Sometimes, posts just seem … right. This is Morgan Meis (3 Quarks Daily):
The twentieth century was insane. We forget to remember that. … Through it all, the challenge to the coherence and sustainability of human experience was relentless. If tradition was disrupted and broken down here and there in the 19th century, it was upended completely, remade from the insight (inside ?) out, and sometimes obliterated during the 20th. …
Czeslaw Milosz was as sensitive to these issues as anyone. This is a man who picked his way through the rubble of Warsaw when its ruins were still steaming, when the place was just an open wound. That experience, and the knowledge gained from it, is shot through everything that Milosz ever wrote. For Milosz, man is guaranteed nothing. That’s it. Nothing. And man can be reduced, or reduce himself, to nothing, at any moment. …
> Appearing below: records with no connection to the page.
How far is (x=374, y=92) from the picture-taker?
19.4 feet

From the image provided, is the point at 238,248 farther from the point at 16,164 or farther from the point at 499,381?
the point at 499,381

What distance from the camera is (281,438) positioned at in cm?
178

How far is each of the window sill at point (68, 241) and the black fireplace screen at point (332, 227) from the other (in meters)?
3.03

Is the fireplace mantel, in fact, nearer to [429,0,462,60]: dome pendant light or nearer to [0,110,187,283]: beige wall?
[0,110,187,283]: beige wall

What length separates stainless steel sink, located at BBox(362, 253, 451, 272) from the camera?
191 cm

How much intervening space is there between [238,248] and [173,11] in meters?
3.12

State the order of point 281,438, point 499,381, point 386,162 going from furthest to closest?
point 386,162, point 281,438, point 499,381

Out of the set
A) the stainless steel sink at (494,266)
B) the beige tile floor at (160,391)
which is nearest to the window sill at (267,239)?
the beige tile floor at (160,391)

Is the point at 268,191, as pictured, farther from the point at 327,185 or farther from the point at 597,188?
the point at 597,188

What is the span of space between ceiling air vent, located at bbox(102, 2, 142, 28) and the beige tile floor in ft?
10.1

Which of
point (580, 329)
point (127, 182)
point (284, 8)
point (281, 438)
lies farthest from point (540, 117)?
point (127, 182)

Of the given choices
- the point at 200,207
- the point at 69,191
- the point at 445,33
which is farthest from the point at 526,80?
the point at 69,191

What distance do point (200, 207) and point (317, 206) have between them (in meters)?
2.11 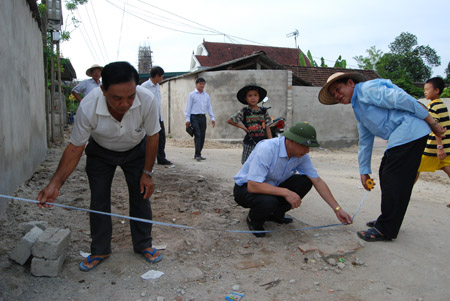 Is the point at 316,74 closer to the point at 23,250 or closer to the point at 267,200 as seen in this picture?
the point at 267,200

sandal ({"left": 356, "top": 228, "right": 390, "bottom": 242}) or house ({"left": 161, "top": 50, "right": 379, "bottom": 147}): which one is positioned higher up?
house ({"left": 161, "top": 50, "right": 379, "bottom": 147})

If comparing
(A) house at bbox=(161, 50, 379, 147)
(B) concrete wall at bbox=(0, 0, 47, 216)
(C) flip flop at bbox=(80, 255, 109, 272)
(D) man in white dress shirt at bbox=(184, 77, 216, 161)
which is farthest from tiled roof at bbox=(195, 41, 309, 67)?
(C) flip flop at bbox=(80, 255, 109, 272)

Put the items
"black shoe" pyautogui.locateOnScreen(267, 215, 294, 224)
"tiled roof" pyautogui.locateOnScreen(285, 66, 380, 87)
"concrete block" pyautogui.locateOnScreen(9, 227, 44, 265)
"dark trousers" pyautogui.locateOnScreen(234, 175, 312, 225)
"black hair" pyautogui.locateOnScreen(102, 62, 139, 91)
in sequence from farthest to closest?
"tiled roof" pyautogui.locateOnScreen(285, 66, 380, 87) < "black shoe" pyautogui.locateOnScreen(267, 215, 294, 224) < "dark trousers" pyautogui.locateOnScreen(234, 175, 312, 225) < "concrete block" pyautogui.locateOnScreen(9, 227, 44, 265) < "black hair" pyautogui.locateOnScreen(102, 62, 139, 91)

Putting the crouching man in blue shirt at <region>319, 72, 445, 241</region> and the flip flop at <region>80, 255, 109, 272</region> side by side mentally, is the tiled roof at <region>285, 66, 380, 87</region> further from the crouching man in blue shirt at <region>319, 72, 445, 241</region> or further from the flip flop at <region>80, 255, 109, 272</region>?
the flip flop at <region>80, 255, 109, 272</region>

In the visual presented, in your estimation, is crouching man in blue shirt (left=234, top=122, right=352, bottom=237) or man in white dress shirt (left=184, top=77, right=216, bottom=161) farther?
man in white dress shirt (left=184, top=77, right=216, bottom=161)

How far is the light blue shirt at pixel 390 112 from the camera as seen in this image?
3.11 metres

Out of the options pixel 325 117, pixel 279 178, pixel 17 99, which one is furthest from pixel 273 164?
pixel 325 117

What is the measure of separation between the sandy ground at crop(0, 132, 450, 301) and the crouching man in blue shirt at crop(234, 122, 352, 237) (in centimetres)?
33

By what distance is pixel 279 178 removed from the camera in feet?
11.2

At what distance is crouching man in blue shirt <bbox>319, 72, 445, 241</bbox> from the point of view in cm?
313

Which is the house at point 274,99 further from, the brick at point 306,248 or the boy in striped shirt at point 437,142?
the brick at point 306,248

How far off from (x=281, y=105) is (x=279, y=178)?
10091mm

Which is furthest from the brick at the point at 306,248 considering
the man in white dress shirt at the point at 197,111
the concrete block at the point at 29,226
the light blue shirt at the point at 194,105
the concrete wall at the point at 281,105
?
the concrete wall at the point at 281,105

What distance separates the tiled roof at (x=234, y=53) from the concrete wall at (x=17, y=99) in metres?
26.4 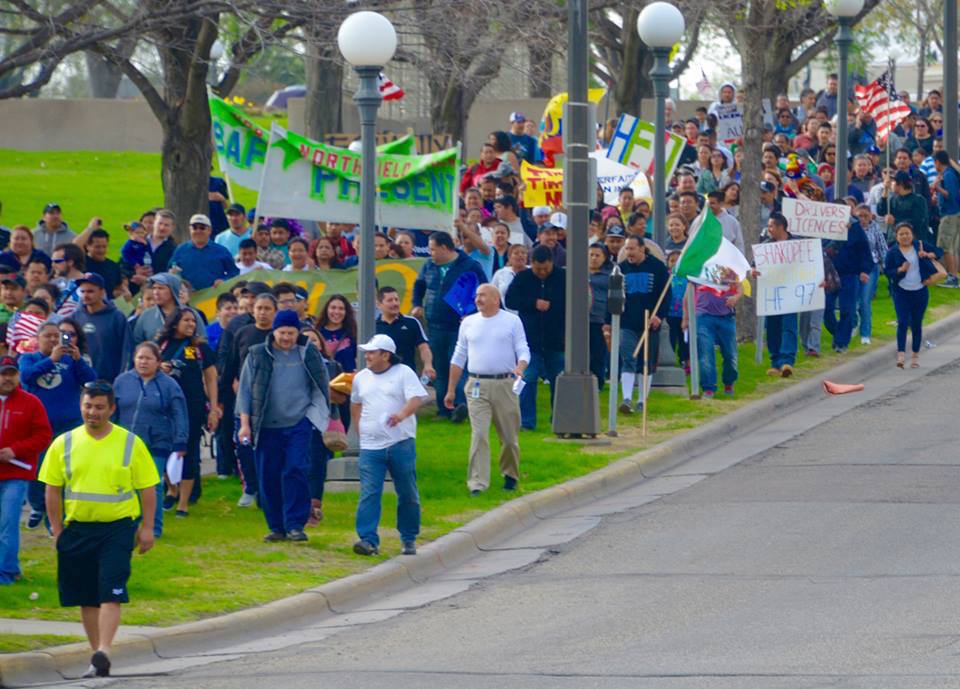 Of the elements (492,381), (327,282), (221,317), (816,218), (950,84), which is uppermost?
(950,84)

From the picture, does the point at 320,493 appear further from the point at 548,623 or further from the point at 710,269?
the point at 710,269

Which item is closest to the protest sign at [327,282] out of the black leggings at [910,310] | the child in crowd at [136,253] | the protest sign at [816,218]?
the child in crowd at [136,253]

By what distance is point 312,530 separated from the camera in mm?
14695

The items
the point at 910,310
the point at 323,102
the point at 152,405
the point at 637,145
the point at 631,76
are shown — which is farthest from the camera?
the point at 631,76

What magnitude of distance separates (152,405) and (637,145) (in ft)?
36.2

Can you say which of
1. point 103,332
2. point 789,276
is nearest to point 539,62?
point 789,276

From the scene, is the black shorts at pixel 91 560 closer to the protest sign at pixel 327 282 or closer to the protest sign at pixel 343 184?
the protest sign at pixel 343 184

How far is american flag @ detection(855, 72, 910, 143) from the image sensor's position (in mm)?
27883

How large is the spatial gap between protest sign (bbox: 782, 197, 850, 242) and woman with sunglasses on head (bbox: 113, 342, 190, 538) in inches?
399

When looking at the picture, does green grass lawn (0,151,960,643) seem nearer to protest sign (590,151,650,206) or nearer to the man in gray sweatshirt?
the man in gray sweatshirt

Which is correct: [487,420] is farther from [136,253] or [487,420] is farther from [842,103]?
[842,103]

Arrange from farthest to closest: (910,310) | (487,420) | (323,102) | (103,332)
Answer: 1. (323,102)
2. (910,310)
3. (487,420)
4. (103,332)

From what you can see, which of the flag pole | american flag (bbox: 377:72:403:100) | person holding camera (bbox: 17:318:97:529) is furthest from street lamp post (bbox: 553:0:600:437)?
american flag (bbox: 377:72:403:100)

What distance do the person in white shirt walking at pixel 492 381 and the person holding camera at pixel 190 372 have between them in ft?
7.14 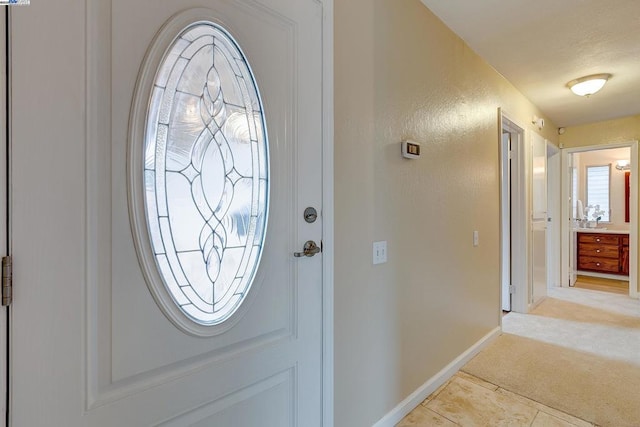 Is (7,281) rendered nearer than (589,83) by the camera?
Yes

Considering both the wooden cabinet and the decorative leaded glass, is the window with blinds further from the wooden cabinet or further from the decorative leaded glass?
the decorative leaded glass

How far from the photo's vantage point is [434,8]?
2139 mm

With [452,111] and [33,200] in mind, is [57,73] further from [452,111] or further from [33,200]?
[452,111]

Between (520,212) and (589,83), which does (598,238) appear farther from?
(589,83)

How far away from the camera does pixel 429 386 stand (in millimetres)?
2141

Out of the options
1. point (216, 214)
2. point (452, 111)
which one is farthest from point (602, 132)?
point (216, 214)

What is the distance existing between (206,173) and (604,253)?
7.43 meters

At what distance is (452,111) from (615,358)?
2428 millimetres

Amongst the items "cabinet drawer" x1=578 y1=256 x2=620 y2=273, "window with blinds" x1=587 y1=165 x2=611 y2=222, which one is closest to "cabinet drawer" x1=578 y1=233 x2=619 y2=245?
"cabinet drawer" x1=578 y1=256 x2=620 y2=273

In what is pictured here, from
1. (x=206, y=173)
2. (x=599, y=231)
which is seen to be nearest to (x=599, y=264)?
(x=599, y=231)

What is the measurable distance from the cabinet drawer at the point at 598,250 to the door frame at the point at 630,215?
1.20 m

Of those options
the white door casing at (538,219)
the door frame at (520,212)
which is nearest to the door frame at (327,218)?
the door frame at (520,212)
Gombrowicz too experienced such things. … But Gombrowicz chose flight, literally and metaphorically. … That is his particular freedom. It is the freedom of Socrates as Kierkegaard describes him in The Concept of Irony, the freedom that escapes from every possible determination.
Truth be told, this version of freedom annoys Milosz. Because for Milosz, the possibility of meaning in human affairs is dependent on commitment. If nothing else, it is founded on the capacity for human beings to hold experience together even as forces from within and without work to tear it apart. How one does this is not entirely clear but Milosz’s entire oeuvre is the sustained attempt to do so even as he lacks a blueprint. That is a pretty brave literary task to set in front of oneself. From Milosz’s standpoint, Gombrowicz has retreated into his own consciousness instead of forcing himself constantly to confront the problems of the world as it is encountered. …
But then the two come together again, in Milosz’s mind, because Gombrowicz never falls into the trap of those intellectuals who have lost track of the root problems of experience, actual experience, that have been thrown up by the 20th century. Milosz writes that, “A comparison of Gombrowicz with western writers, with Sartre, for example, would reveal, in the case of the latter, a deficiency of a certain type of experience connected with history and specific cultural traditions, a deficiency that is compensated for by theory.”
I think we’re still working this stuff through. And I’ll make one more rash claim. The future right now is in the past. Sometimes it is in the past, the immediate past, where things get clear again. For those of us whose lives stretch from the era of the 20th century into the next one, the most important thing for taking the future seriously is doing work on the things that have recently past. Only now is it becoming even vaguely possible to understand how important are the tentative thoughts put forward by people like Milosz and Gombrowicz. And there are others, back there, waiting for us. We simply have to take seriously the idea that turning our backs on the future is a way of renewing it.
We are, beyond question, 'still working this stuff through'. Spot on.
'A remembered future'? In July of last year, I wrote:
In 1984, Harold Fisch published A Remembered Future and wrote of how art can give us 'the unappeased memory of a future still to be fulfilled'. More recently, Heaney has written of how 'We go to poetry, we go to literature in general, to be forwarded within ourselves. The best it can do is to give us an experience that is like foreknowledge of certain things which we already seem to be remembering. What is at work … is the mind's capacity to conceive a new plane of regard for itself, a new scope for its own activity' ('Joy or Night', 1990, in The Redress of Poetry, 1995).
For me, reading Milosz is to remember the future.